Having a relevant and engaging page title will help ensure that your listings receive a solid click-through rate.
Page meta description
Meta descriptions are an HTML element in your meta tags that help describe your web pages.
They appear as a small snippet of text beneath your page title (headline) in search results.
Like page titles, meta descriptions are an important ranking factor as they play a big part in getting searchers to click-through to your website.
Page headings (H1 tag, etc)
Headings provide structure to your web pages by breaking content up into different sections.
Headings are applied to text through the use of HTML tags.
For example, an h1 tag is used to indicate the primary heading of the page (usually the page title). Each subheading is given a different tag starting with h2 and then moving to h3, h4, etc.
Headings play a role in SEO as they help crawlers understand the context of your content easier.

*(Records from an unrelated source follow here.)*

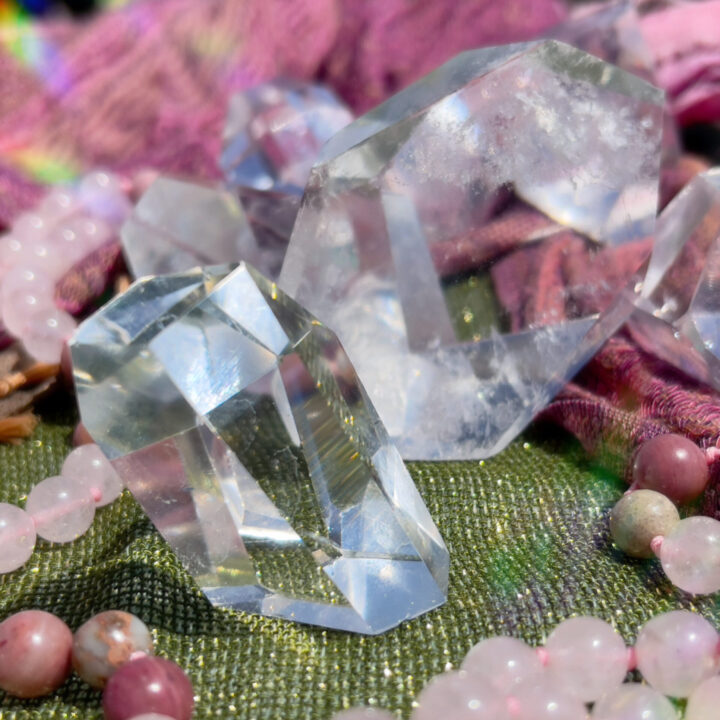 Faceted Clear Quartz Channeling Stone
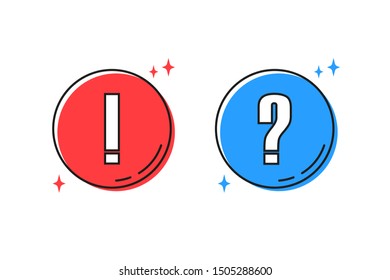 question and exclamation marks color icon, vector illustration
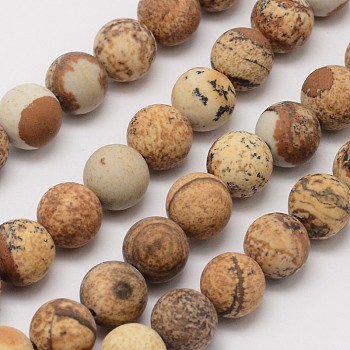 Natural Picture Jasper Beads Strands, Frosted, Round, 8mm, Hole: 1mm, about 48pcs/strand, 15.1 inch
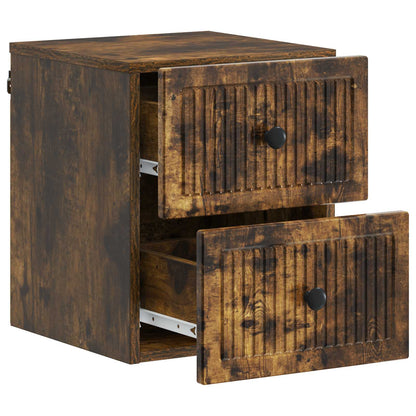 Nástěnný Noční Stolek 2 Pcs Kouřový Dub 33 X 34,5 X 40 Cm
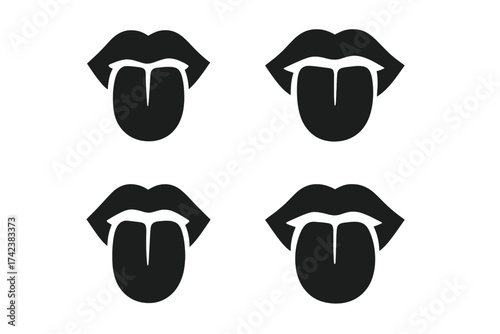 Mouth sticking tongue out icon set. Black silhouette of lips and tongue vector illustration. Graphic element for concepts like taste, lick, rude expression, fun, or defiance.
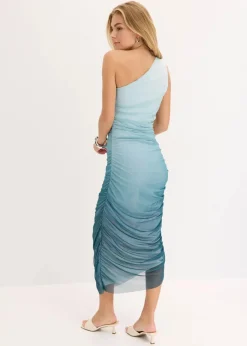 Damen bonprix Kleider|One-Shoulder-Kleid mit Mesheinsatz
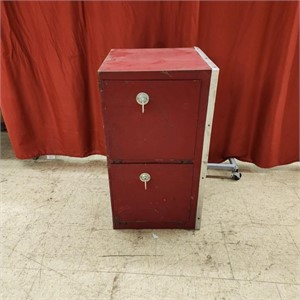 Red metal cabinet. 16"x16"x29"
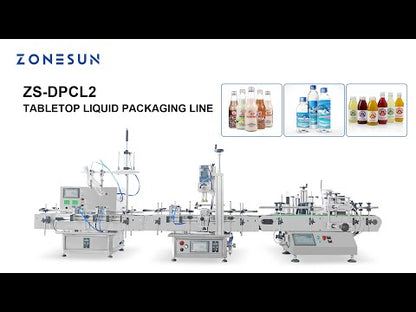 ZONESUN ZS-DPCL2/ZS-FAL180D5 Linha de produção de rotulagem de garrafas redondas de enchimento de líquido personalizado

They also help improve the usability of pages by making content easier to navigate.
The h1 tag is the most important tag as it tends to contain the primary target keyword and describes exactly what the page is about. Each page should only have one h1 heading.
You can use as many subheading tags (h2, h3, h4) as needed. Look to include the target keyword frequently but without overdoing it.
Content is the foundation of any web page and is where you will provide searchers with the answers to their questions.
Without quality content, it will be difficult to rank for competitive keywords.
Here are some of the factors Google will evaluate when crawling your content:
- Keyword density: How often you use a keyword on a page. Google will use this to determine the topic of the page.
- Degree and frequency of updates: Updating your content can improve the freshness of pages.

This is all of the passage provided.